- [EXERCISE OBJECTIVE] Only lines with the word "Women" are needed; collect each of them from the listing below.

- [MATERIAL PROVIDED]
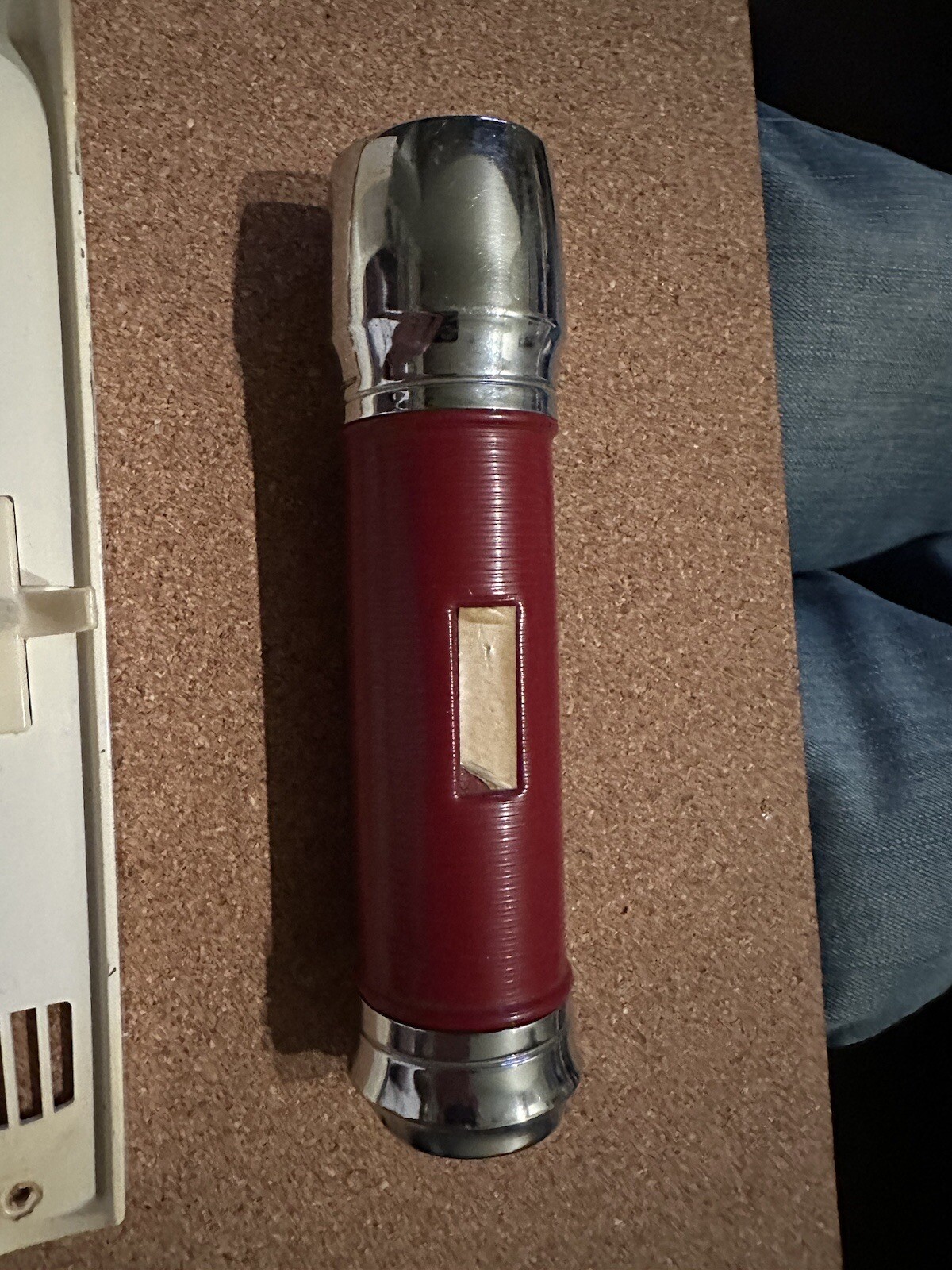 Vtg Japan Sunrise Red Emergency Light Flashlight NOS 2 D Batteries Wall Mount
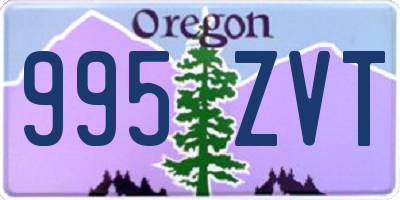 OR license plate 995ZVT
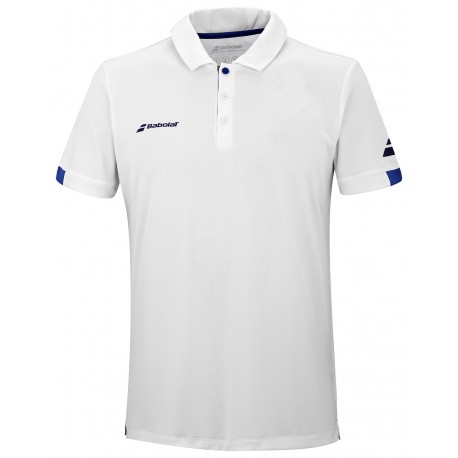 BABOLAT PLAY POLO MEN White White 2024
--
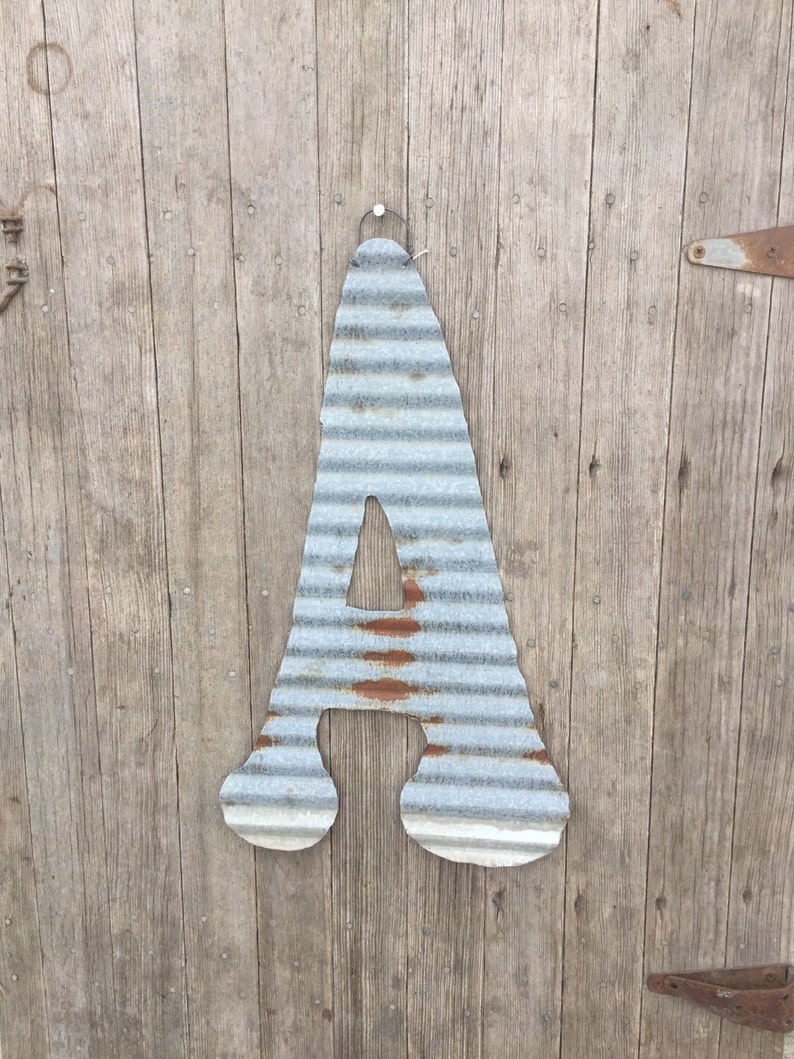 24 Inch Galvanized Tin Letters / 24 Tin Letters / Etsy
---
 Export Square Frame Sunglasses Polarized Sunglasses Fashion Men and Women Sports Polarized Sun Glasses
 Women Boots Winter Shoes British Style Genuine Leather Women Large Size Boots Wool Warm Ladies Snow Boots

- [WRITTEN RESPONSE]
 Export Square Frame Sunglasses Polarized Sunglasses Fashion Men and Women Sports Polarized Sun Glasses
 Women Boots Winter Shoes British Style Genuine Leather Women Large Size Boots Wool Warm Ladies Snow Boots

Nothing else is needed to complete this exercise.